POJ3614 [USACO07NOV]防晒霜Sunscreen

Sunscreen

Time Limit: 1000MS		Memory Limit: 65536K
Total Submissions: 9333		Accepted: 3264

Description

To avoid unsightly burns while tanning, each of the C (1 ≤ C ≤ 2500) cows must cover her hide with sunscreen when they're at the beach. Cow i has a minimum and maximum SPF rating (1 ≤ minSPF_i ≤ 1,000; minSPF_i ≤ maxSPF_i ≤ 1,000) that will work. If the SPF rating is too low, the cow suffers sunburn; if the SPF rating is too high, the cow doesn't tan at all........

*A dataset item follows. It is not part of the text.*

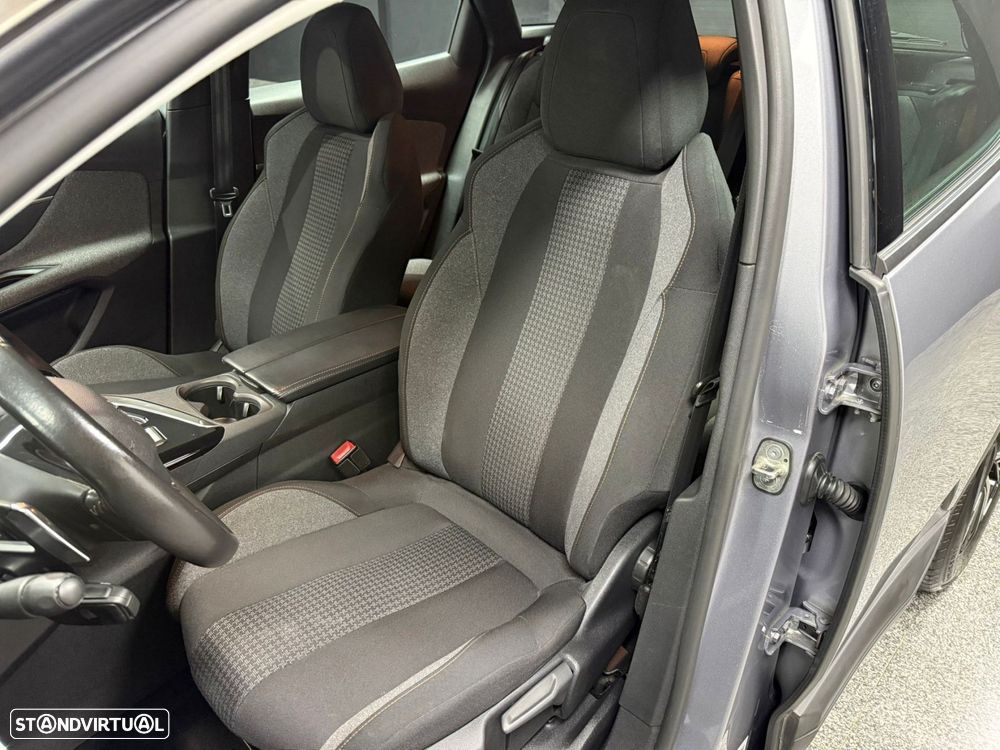 Peugeot 3008 1.5 BlueHDi Allure EAT8 - 10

The cows have a picnic basket with L (1 ≤ L ≤ 2500) bottles of sunscreen lotion, each bottle i with an SPF rating SPF_i (1 ≤ SPF_i ≤ 1,000). Lotion bottle i can cover cover_i cows with lotion. A cow may lotion from only one bottle.

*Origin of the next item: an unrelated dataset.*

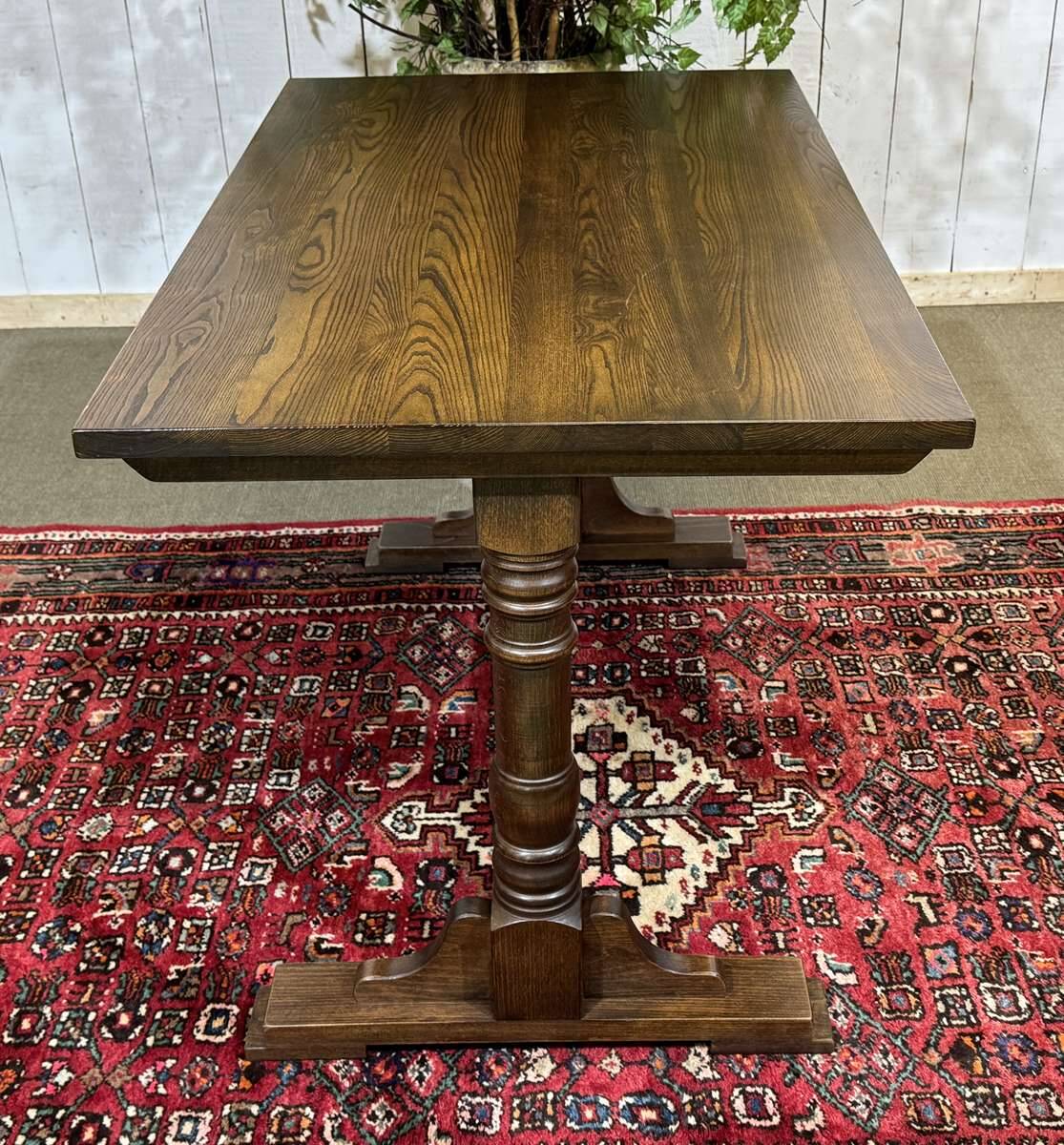 English bistro table in ash and beech from the 1970s.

What is the maximum number of cows that can protect themselves while tanning given the available lotions?

Input

* Line 1: Two space-separated integers: C and L
* Lines 2..C+1: Line i describes cow i's lotion requires with two integers: minSPF_i and maxSPF_i
* Lines C+2..C+L+1: Line i+C+1 describes a sunscreen lotion bottle i with space-separated integers: SPF_i and cover_i

Output

A single line with an integer that is the maximum number of cows that can be protected while tanning

Sample Input

3 2
3 10
2 5
1 5
6 2
4 1

Sample Output

2

Source

USACO 2007 November Gold

 

【题解】

把min从大到小排序，然后对于每个区间，放最大的SPF。分情况讨论两个区间的先后位置可得证，证明显然。

还可用二分图最大匹配做。

 

#include <iostream>
#include <cstdio>
#include <cstdlib>
#include <string>
#include <algorithm>

const int INF = 0x7fffffff;
const int MAXN = 2500 + 10; 

inline void read(int &x)
{
    x = 0;char ch = getchar(),c = ch;
    while(ch < '0' || ch > '9')c = ch, ch = getchar();
    while(ch <= '9' && ch >= '0')x = x * 10 + ch - '0', ch = getchar();
    if(c == '-')x = -x;
}

int l[MAXN], r[MAXN], cnt[MAXN], point[MAXN], num[MAXN], cntt[MAXN], C, L, ans;

bool cmp(int a, int b)
{
    return l[a] > l[b];
}

bool cmpp(int a, int b)
{
    return point[a] > point[b];
}

int main()
{
    //freopen("data.txt", "r", stdin);
    read(C),read(L);
    for(register int i = 1;i <= C;++ i) read(l[i]), read(r[i]), cnt[i] = i;
    for(register int i = 1;i <= L;++ i) read(point[i]), read(num[i]), cntt[i] = i;
    std::sort(cnt + 1, cnt + 1 + C, cmp);
    std::sort(cntt + 1, cntt + 1 + L, cmpp);
    for(register int i = 1;i <= C;++ i)
    {
        for(register int j = 1;j <= L;++ j)
            if(num[cntt[j]] > 0 && r[cnt[i]] >= point[cntt[j]] && l[cnt[i]] <= point[cntt[j]])
            {
                --num[cntt[j]], ++ ans;
                break;
            }
            else if(l[cnt[i]] > point[cntt[j]] ) break;
    }
    printf("%d", ans);
    return 0;
}